The S visa issued to persons who assist US law enforcement to investigate and prosecute crimes and terrorist activities such as money laundering and organized crime


Recruitment agent will not take you seriously if you are not already in the US. Writing for jobs is really a waste of time; likewise US employers have no idea what foreign qualification are or mean (except Degrees) it may pay you to get your qualification translated into a US equivalent, there are Companies that do this (World Education Services - International Credential Evaluation Expertise) .. 
But if you are getting a visa under (2) above then you need a job offer before you can get the visa. Your Employer will be your sponsor this will cost them upward of $5k. So you can see you have to be offering something really special to get considered They may also have to prove to the Dept of labor that there is no American who can do the job if the position is to be permanent ©
DO NOT USE VISA CONSULTANTS


----------



## deoduce (Jun 23, 2014)

*Really???*

Really??? Even though im an Australian citizen ?? Im sure it is a little easier than that, no ?






Davis1 said:


> there are no US visa for trade people...
> a degree is the minimum requirement mostly in STEM subjects at the moment ..
> 
> employers apply for visa .. you cannot
> ...


----------



## Bevdeforges (Nov 16, 2007)

deoduce said:


> Really??? Even though im an Australian citizen ?? Im sure it is a little easier than that, no ?

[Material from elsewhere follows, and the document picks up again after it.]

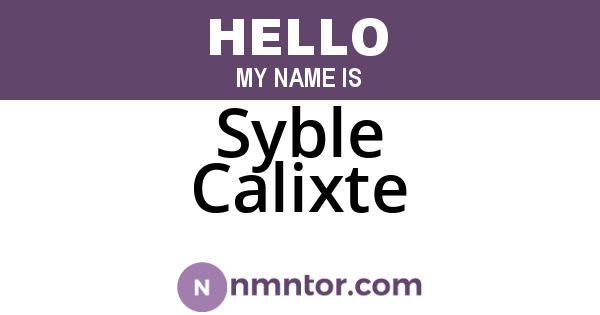 Syble Calixte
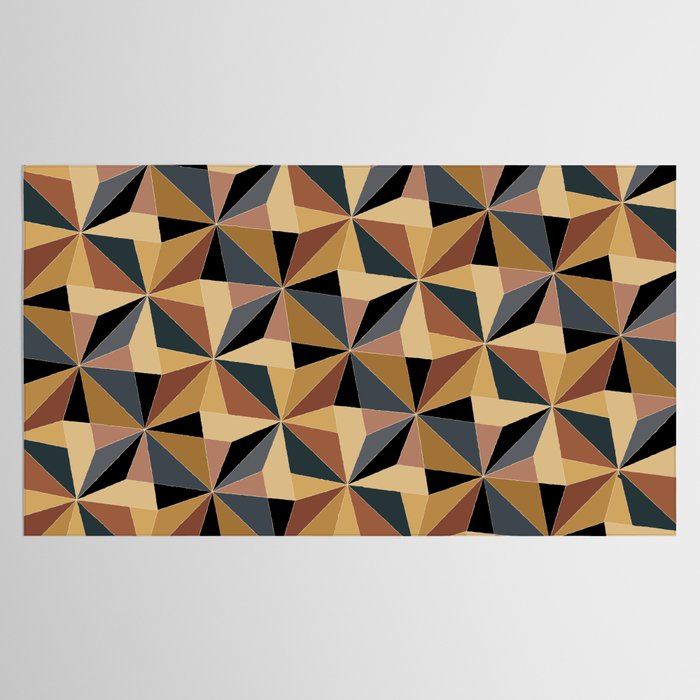 Kaleidoscope Tile Pattern I Bold Neutral Earthy Tablecloth Gallery Image 2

What does being Australian have to do with it? If you were interested in one of those Working Holiday Visas (limited period of time and limited to those under age 30 or so), then sure. But that's about it.
Cheers,
Bev


----------



## deoduce (Jun 23, 2014)

I thought it would have made a difference as it is also easier for US citizens to come here. 

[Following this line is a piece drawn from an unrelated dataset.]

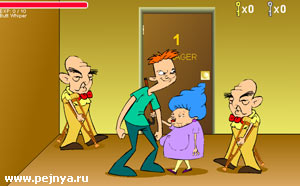 Классная бродилка где вы играете за молодого санитара в доме престорелых. Кровавые сопли потекут рекой по морщинестым лицам старух и стариков.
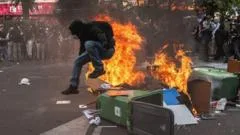 'Everyone hates the police' – what France's school protests reveal about a divided nation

Would you have any information regarding the industry i am in and best city to travel to ?


----------



## Davis1 (Feb 20, 2009)

the US already has 5 million waiting as relatives to get into the US 
there is no shortage of labor ...and US univercities pump out qualified people ever month
who don't cost $10k to employ 

no matter where you are from there are only so many visas per year


----------



## BBCWatcher (Dec 28, 2012)

Bev, Davis1, the original poster is correct, and let's give him (or her) some respect here. There is indeed a special U.S. visa reserved solely for Australian citizens with a dedicated allotment: the E-3.

It's a separate question whether the original poster can qualify for an E-3.


----------



## Bellthorpe (Jun 23, 2013)

deoduce said:


> I thought it would have made a difference as it is also easier for US citizens to come here.


Easier than what?

The reality is that if you go to any forum on this website you will see the same thing.

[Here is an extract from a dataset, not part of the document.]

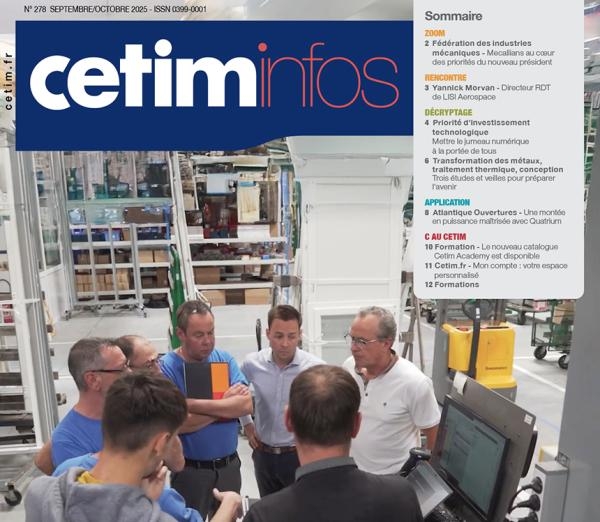 Première de couverture du Cetim Infos numéro 278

'Hey, I'd like to go to XXX country to live, work, admire the girls and drink beer'.

'Fine, we look forward to seeing you. What visa do you have?'

'Huh? Visa?'

It's easy to go visit most any country in the world as a tourist. In general it can be extraordinarily difficult to pack up and live there. That is true for Americans wanting to move to Australia, unless they have a speciality occupation.

A week ago I flew from the US to Australia. In another thread I described the plight of a family of four Australians, mum, dad and the kids, who didn't have the right visa, or hadn't done an their ESTAs, and just got held overnight and deported. They were on my flight.


----------



## Bellthorpe (Jun 23, 2013)

BBCWatcher said:


> Bev, Davis1, the original poster is correct, and let's give him (or her) some respect here. There is indeed a special U.S. visa reserved solely for Australian citizens with a dedicated allotment: the E-3.
> 
> It's a separate question whether the original poster can qualify for an E-3.


It's with respect that I submit that the poster is not eligible for an E-3 visa, based on his first post.


----------



## Davis1 (Feb 20, 2009)

Bellthorpe said:


> It's with respect that I submit that the poster is not eligible for an E-3 visa, based on his first post.


I concur ...

The E-3 classification applies only to nationals of Australia. You must be coming to the United States solely to perform services in a specialty occupation. The specialty occupation requires theoretical and practical application of a body of knowledge in professional fields and at least the attainment of a bachelor's degree, or its equivalent, as a minimum for entry into the occupation in the United States.

Eligibility Criteria

To qualify for an E-3 visa, you must demonstrate that you:
•Are a national of Australia
•Have a legitimate offer of employment in the United States
•Possess the necessary academic or other qualifying credentials
•Will fill a position that qualifies as a specialty occupation


----------



## twostep (Apr 3, 2008)

deoduce said:


> I thought it would have made a difference as it is also easier for US citizens to come here.
> 
> Would you have any information regarding the industry i am in and best city to travel to ?


Going by the information you posted you do not qualify for the "Aussie visa option". Qualifying for the E3 Visa | Embassy of the United States Canberra, Australia

Your line of work is largely in the hands of large chains or contractors working through those chains. Something along the line of buying material at the store and the installation as well. As a on-man-band you would have to be very specialized to have a larger builder consider hiring you. It is simple - competition. In my area the current trend is hand-hewn solid wood floors or parquet mosaics. Good contractors live by reputation only. 7 day work weeks are nothing unusual.


----------